Transcribe exactly everything in the data below from the line containing "Mugshot of TYRENDIZ LASHON WARREN" down to the line containing "135 S Maple", both lines included and nothing further.

Dataset extract:
- Opening Delimiter -

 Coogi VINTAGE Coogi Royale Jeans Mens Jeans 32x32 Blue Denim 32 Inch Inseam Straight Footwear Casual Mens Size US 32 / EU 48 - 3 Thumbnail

- Closing Delimiter -
- Opening Delimiter -

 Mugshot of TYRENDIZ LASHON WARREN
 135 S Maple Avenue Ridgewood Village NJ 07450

- Closing Delimiter -
- Opening Delimiter -

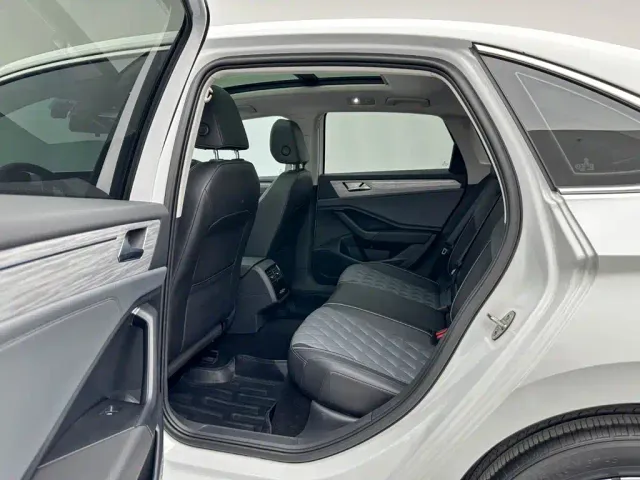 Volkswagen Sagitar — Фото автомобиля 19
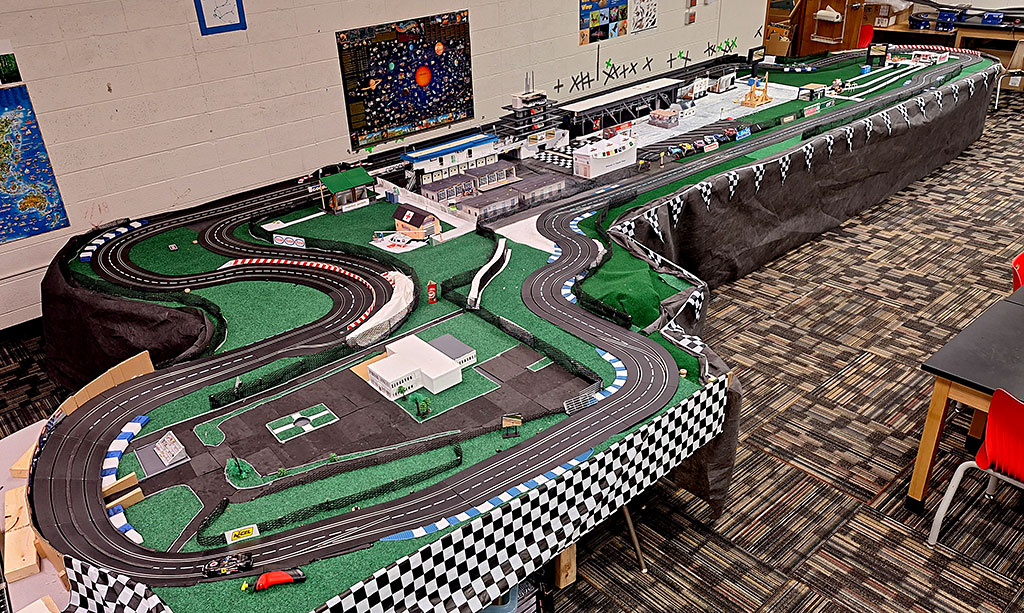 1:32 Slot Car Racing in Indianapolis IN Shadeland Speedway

- Closing Delimiter -

Solution for this task:
 Mugshot of TYRENDIZ LASHON WARREN
 135 S Maple Avenue Ridgewood Village NJ 07450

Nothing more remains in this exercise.